En particulier si les bases économiques du réformisme peuvent être considérablement sapées en période de crise, l’idéologie réformiste reste, y compris dans le mouvement social, un pôle d’attraction important (voir « Le réformisme, des organisations avant tout ? » de Sylvestre Jaffard). Le développement inégal de la conscience fait que l’État peut apparaître à la fois comme une institution de classe à une part croissante du mouvement, en même temps qu’il apparaît à une autre comme le principal levier pour modifier la situation. Même si les directions réformistes traditionnelles ont actuellement du mal à cristalliser cette audience potentielle tant leur mutation social-libérale est profonde, une partie de ces directions semble malgré tout avoir compris l’enjeu et semble, à une échelle de masse, revenir à l’offensive. Le principal danger serait de vouloir s’en démarquer a priori, ce qui équivaudrait à se couper de la majorité de la population, plutôt que de mener un combat politique permanent au sein du mouvement. Comme l’exprimait Daniel Bensaïd dans Stratégie et parti : « Pour des raisons historiques bien compréhensibles, nous sommes plutôt marqués par une défiance exacerbée envers le pouvoir. Nous nous vivons souvent comme une organisation de lutte antibureaucratique préventive, plutôt que comme une organisation de lutte pour la conquête du pouvoir. C’est pourtant là le premier problème. S’y attaquer sérieusement implique une mentalité politique majoritaire (pas au sens électoral du terme) : une mentalité de rassemblement, et non seulement de différenciation. Il existe une seconde nature « minoritaire » qui a ses vertus, mais qui peut aussi devenir un obstacle ».

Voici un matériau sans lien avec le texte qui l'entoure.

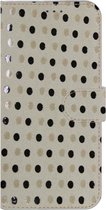 Made-NL Handmade Echt Leer Book Case Voor Samsung Galaxy A51 5G Beige met zwart beige bolletjes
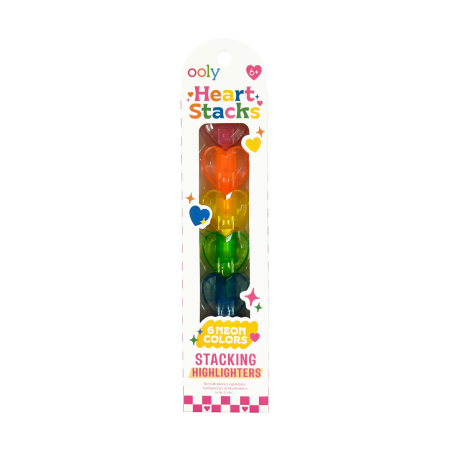 RECHIZITE CREATIVE - Markere intercalabile Inimioare - set 6 culori neon - Heart - Ooly - BazaRapid.ro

Un programme d’action anticapitaliste

Dans la période qui s’ouvre, les anticapitalistes pourront convaincre au sein du mouvement s’ils démontrent que la stratégie qu’ils proposent apparaît plus conséquente pour combattre la classe dirigeante. Ce que les directions réformistes bloquent, il faut le conquérir à la base. C’est dans ce contexte que la question de revendications transitoires appropriées, de même que la stratégie du contrôle ouvrier prennent leur sens : « on ne peut imaginer une crise nationale révolutionnaire, avec surgissement du jour au lendemain d’expériences massives d’auto-organisation, de contrôle et d’autogestion, sans un apprentissage préalable ; sans que le mouvement ouvrier ait conquis un espace de légitimité, reconquis des fonctions sociales quotidiennes, affirmé une autorité sociale et morale alternative à celle de l’État. Le parti révolutionnaire ne peut se réduire au parti de la grève générale ou de l’insurrection. Il y a certes le danger, toujours présent, de s’enfoncer dans l’assistanat, la gestion de la pénurie, le bénévolat... Mais quiconque postule sérieusement à diriger la nation pour surmonter une crise profonde de société ne peut se soustraire à cette épreuve » (Daniel Bensaïd).

Le NPA a dans cette situation de lourdes responsabilités, mais également des opportunités importantes. Le processus de fondation a démontré qu’une audience existait pour des perspectives anticapitalistes. L’absence d’une stratégie d’action lisible et donnant une cohésion au NPA fait que cette audience peine à se concrétiser. Relancer le processus de fondation pour forger cette stratégie doit être notre priorité.